Earthquakes and flooding were merely the start of a cascading series of disasters. East and West Germany, Austria, Switzerland, Belgium, and the Netherlands were completely subsumed. Most of Poland, Czechoslovakia, and Hungary were cut off as well, alongside half of France, Northern Italy, and parts of Yugoslavia. Farther beyond that, for another fifty miles in every direction, destruction reigned as the contortions continued underneath the new ring of crags. Even those not directly under the catastrophe had suffered immensely. When at last the landscape finally stilled, the human cost continued to mount. Hundreds of thousands were without electricity or clean water. Several countries faced an impending water crisis as the upper parts of rivers that originated in Europe were now gone, while others had farms and livestock vanish overnight. Hospitals that remained were pushed beyond capacity to meet the sudden cries for help, and a wave of humanity began to desperately move away from the edge of the disaster zone, placing further strain on an already struggling emergency response. As the weeks passed, the glove continued to shudder. Bizarre and dangerous weather patterns descended, destroying crops and sickening livestock.
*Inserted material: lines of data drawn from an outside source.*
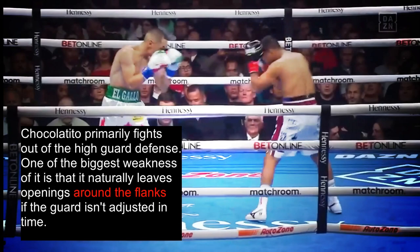Chocolatito Gonzalez primarily fights out of the high guard defense. One of the biggest weaknesses of the high guard is that it naturally leaves openings around the flanks if the guard isn't adjusted in time. Even though Chocolatito has shown to have excellent defense while using this, Estrada landed many of his shots through exploiting this opening.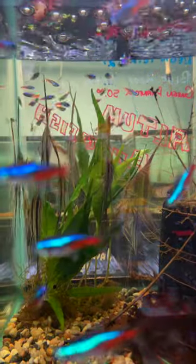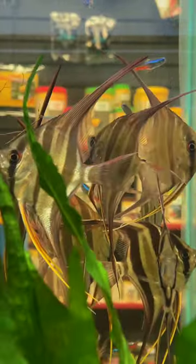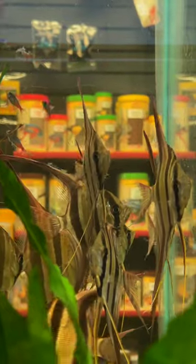The colors, those vertical bars, their behavior is absolutely fantastic. They can be a little bit more difficult to keep than other types of angels, so if you're interested in them keep that in mind. But these are fantastic.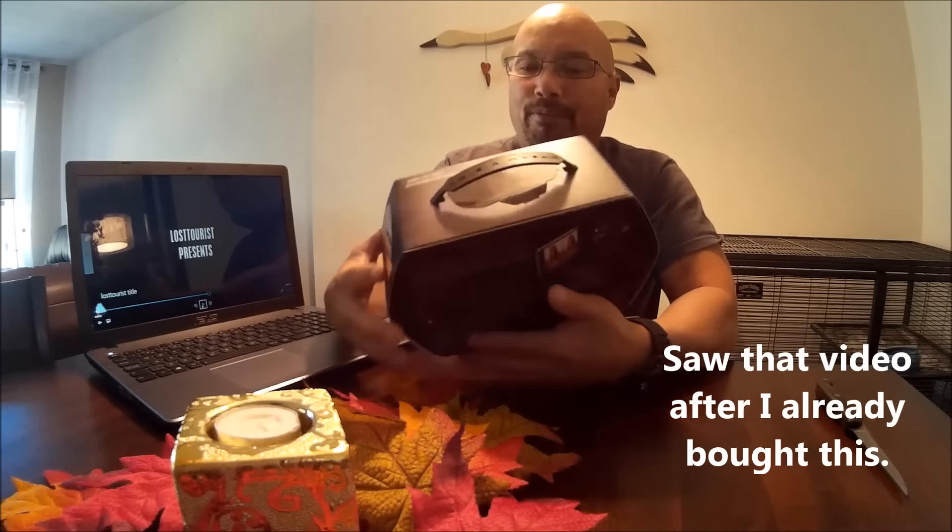Anyway, let's do an unboxing and see what it looks like. I came prepared today — I actually have a knife, not like the last unboxing I did. So inside... that's pretty cool — a nice carry tote bag.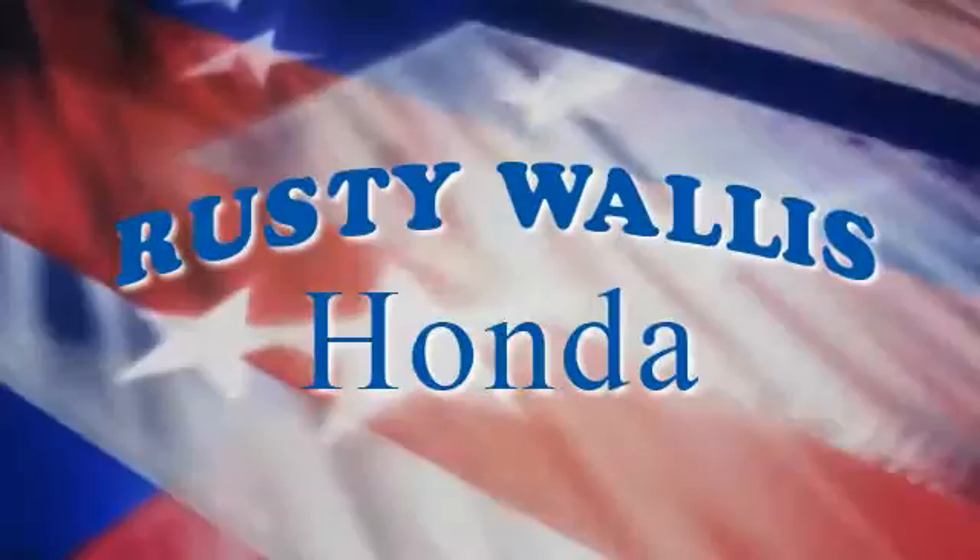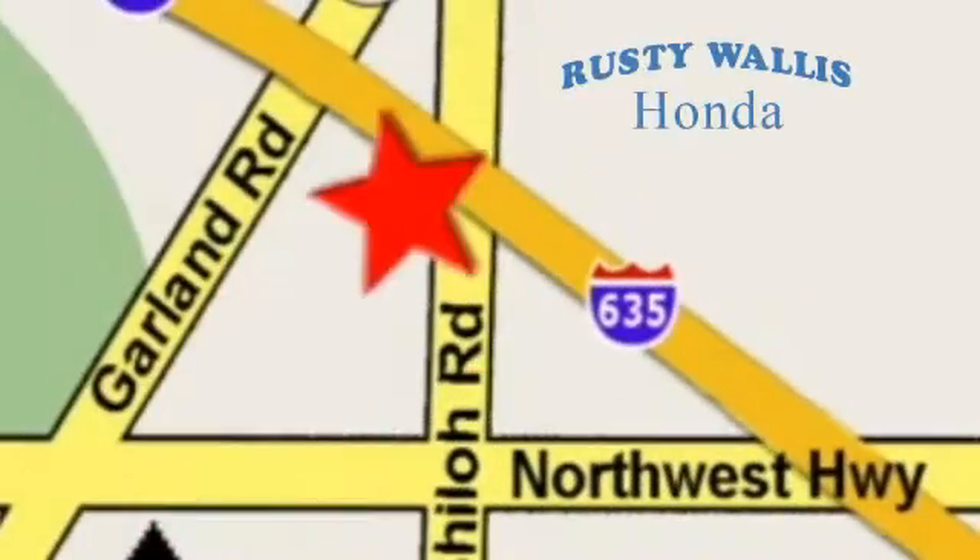At Rusty Wallace Honda, our primary goal is to satisfy our customers. Stop in today. We're easy to find just off I-635 at Shiloh Road.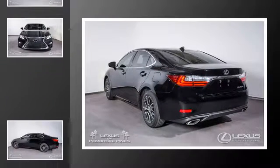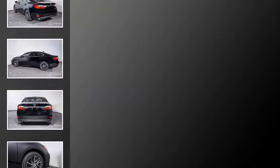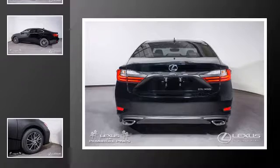All of the following features are included: heated side view mirrors, traction control, LED headlights, intuitive parking assist, an anti-lock braking system, and a navigation system.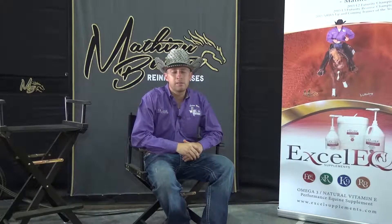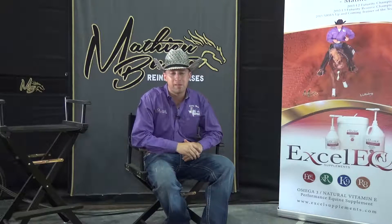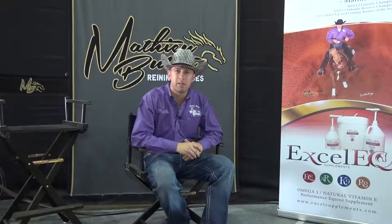My name is Matthew Baton. I'm from France. I've been in America for the past 10 years and I train in Pilot Point, Texas. I came across XLEQ about a year ago and since then I've just been extremely happy with the results.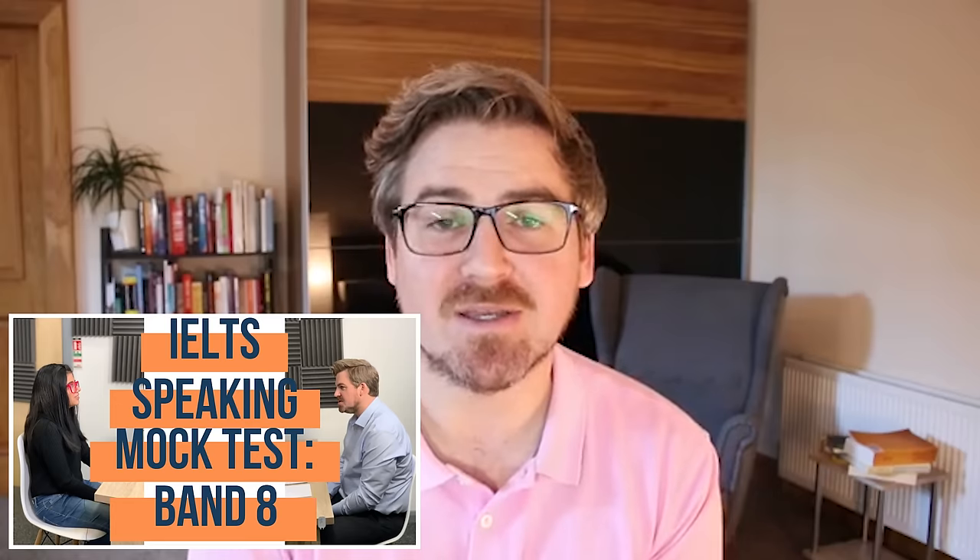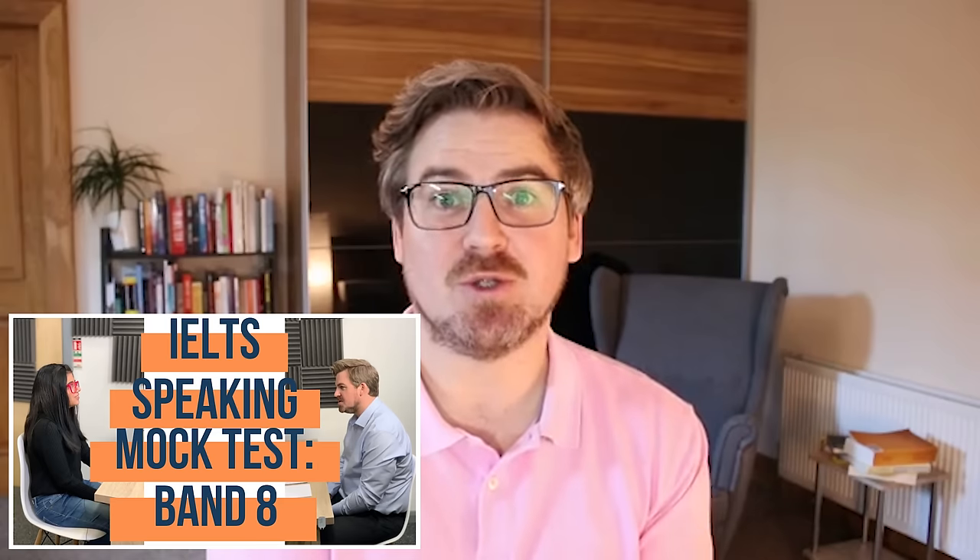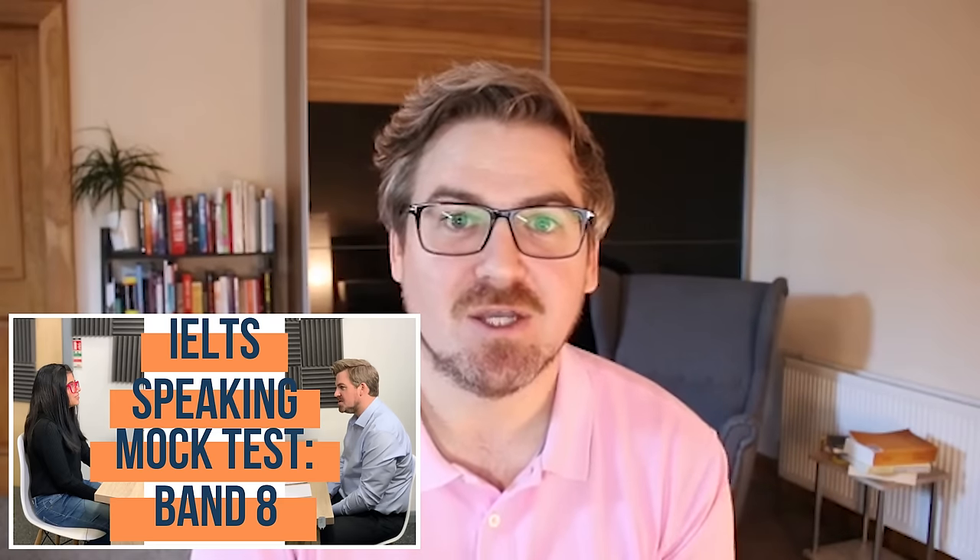Hey, Chris here from IELTS Advantage. So about three weeks ago, we released a video showing a real student, Rashmi, from India, doing a mock IELTS speaking test with me.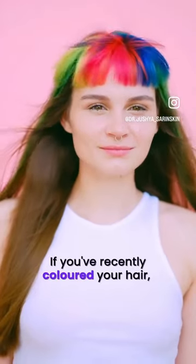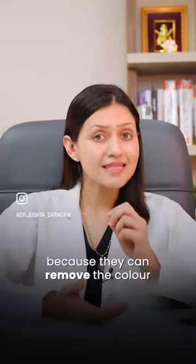And finally, if you have recently coloured your hair, exercise caution with Clarifying Shampoo because they can remove the colour. Follow for more skin and hair care tips.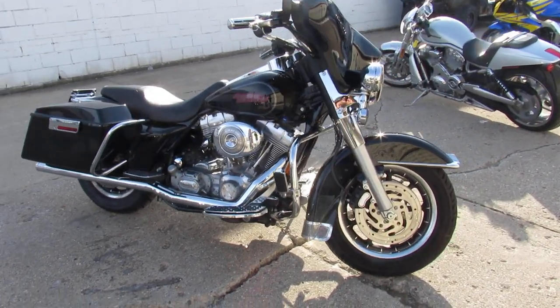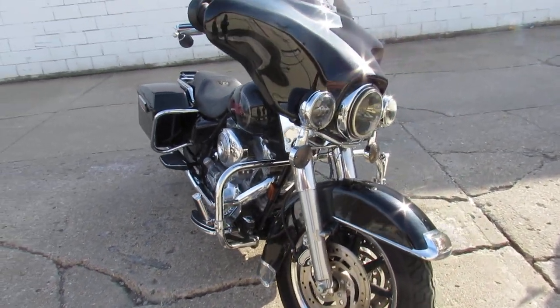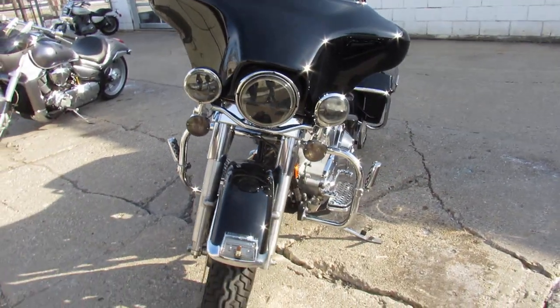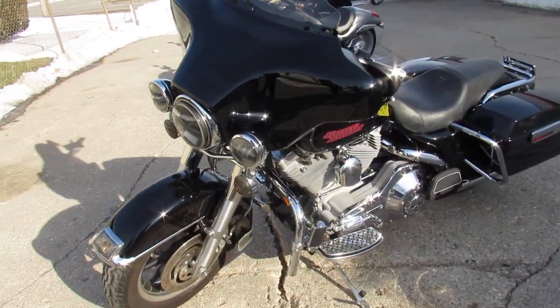Hey guys, approvalpowersports.com here doing some videos on the used Harley Davidsons. Today I'm going to show you the 2006 Electroglide for sale. It's in gloss black with tons of chrome, Vance and Hines hole shot exhaust, really brings this Harley to life.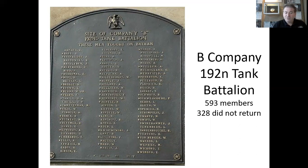This plaque is part of the Maywood Park Veterans Memorial. It honors soldiers of Company B of the 192nd Tank Battalion which were stationed in Maywood. The battalion deployed to the Philippines during World War II with 593 soldiers. They were part of the infamous Bataan Death March. The return to Maywood was not as nice — only 328 soldiers returned from the Philippines.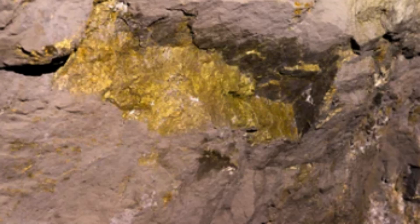The term 'epithermal' refers to the fact that these deposits are formed at relatively low temperatures compared to other types of hydrothermal deposits, such as porphyry deposits or massive sulfide deposits. The term means 'near-surface,' and refers to the fact that these deposits are typically found at depths of less than 1 km.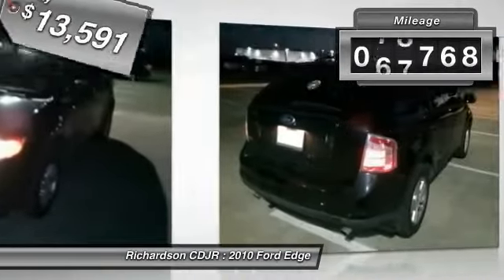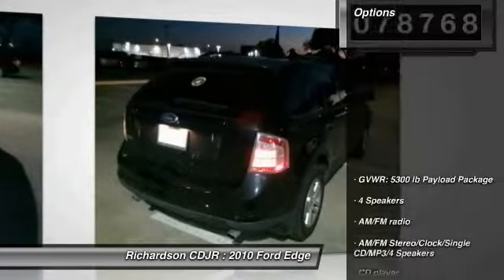This vehicle has less than 80,000 miles. Here are some of this vehicle's great options.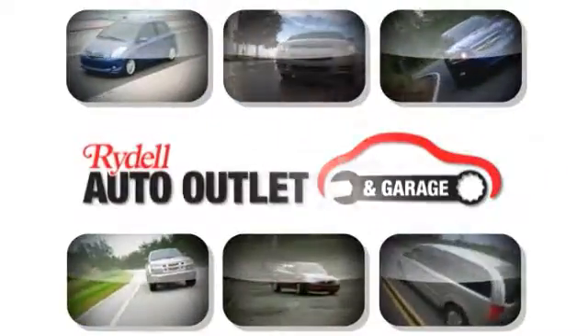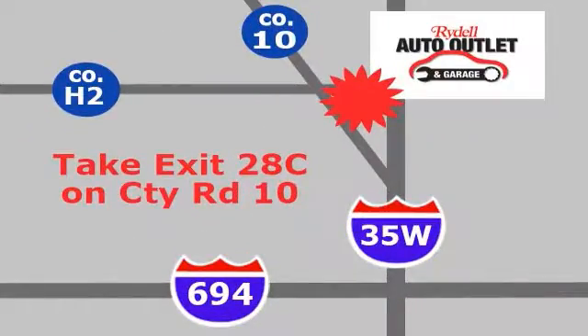Your satisfaction is our goal. We're conveniently located at 2375 County Road 10 in Moundsview, Minnesota.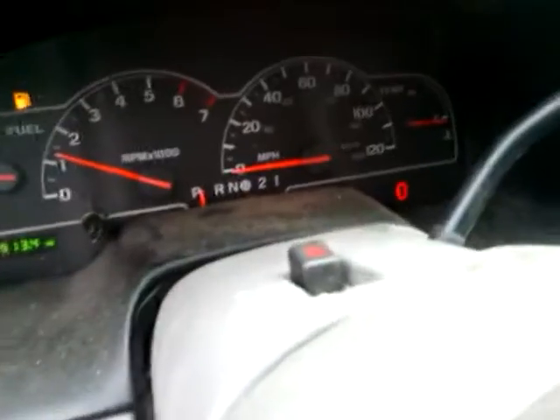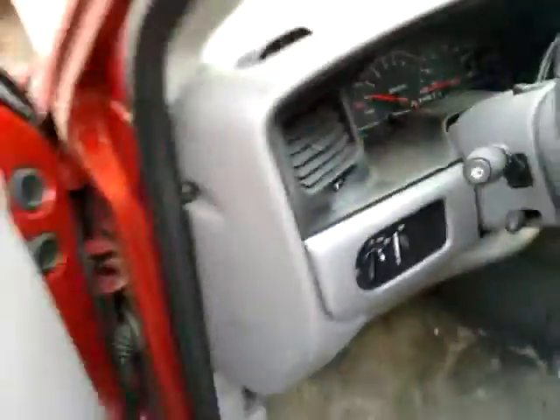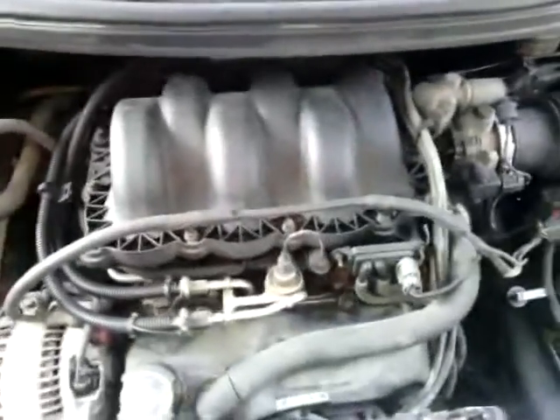As you can see, there's no check engine lights or anything like that. Seems to be in proper running condition. No knocking noises or anything like that. Overall decent engine.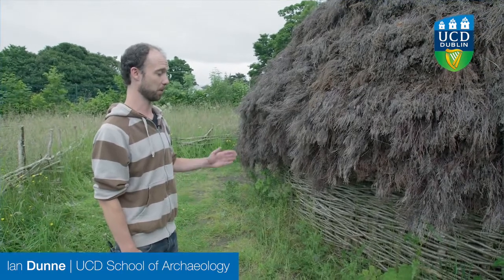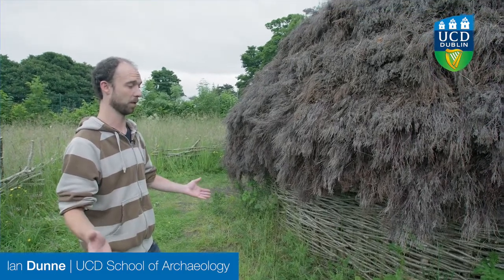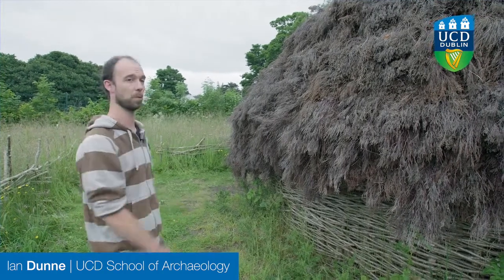It's constructed of wattled hazel which was coppiced and probably sourced locally. Coppicing is a method of ensuring that it grows in straight sections so it's easily used as a building material.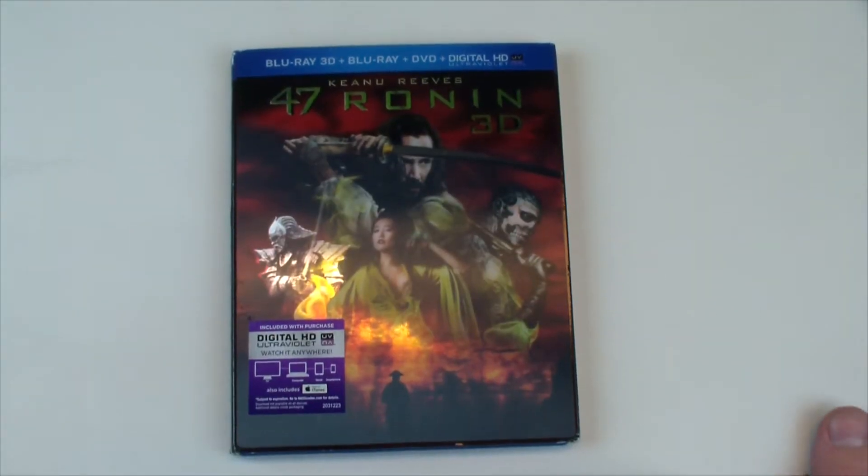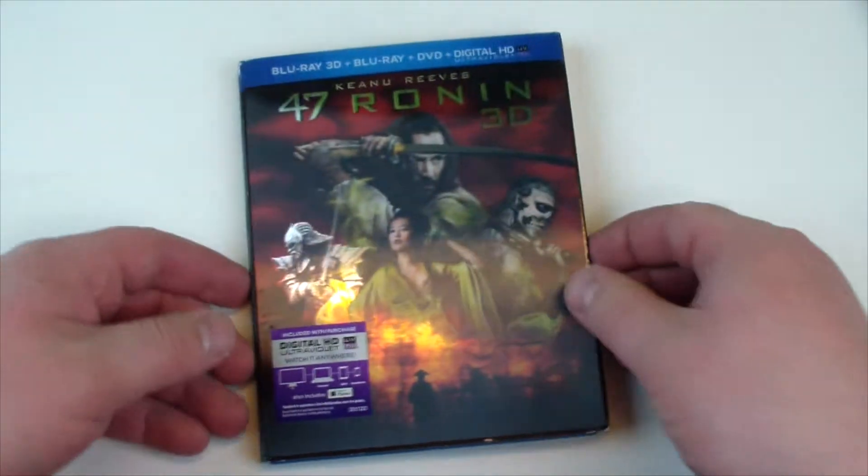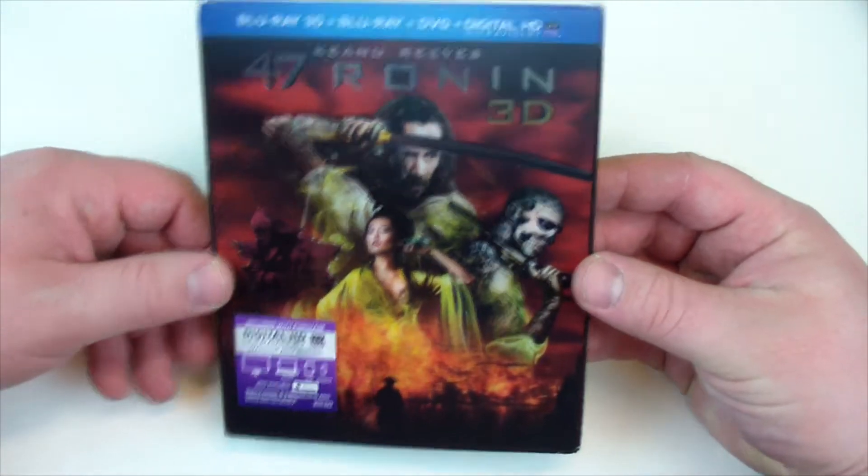Hey guys, Bob for Bob's Movie Review here, and today I'm bringing you the unboxing of the Blu-Ray 3D, Blu-Ray, DVD, Digital HD combo pack of 47 Ronin. If you enjoy the video, please leave it a like rating.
Great swaths of ocean life were found to have been killed as seismic shifts under the Shattered Continent tore through previously undisturbed ecosystems. Famine gnawed at the nations of the world as food supplies dwindled. As nations struggled to respond to these new realities, unseasonal natural disasters plagued a year already full of them: raging wildfires, tsunamis, hurricanes, floods and electrical storms raged incessantly for more than a year. Even sleep became a hazard. Bizarre dreams echoed across the masses of humanity, minds filled with visions of alien lands and technological wonders. For months, tens of millions would awaken exhausted; their rest stolen by the passing wake of the something that passed through Berlin. This did not contribute positively to public order. The Long Year continued, and the world was chaotic, dangerous, and on the brink of collapse. All the while, the mountains loomed at the center of the disaster, implacable in their silence. As chaos descended around the world, few eyes were upon them other than to watch them warily. But already, plans were being made to pierce the veil of stone. Wonderous plans, indeed.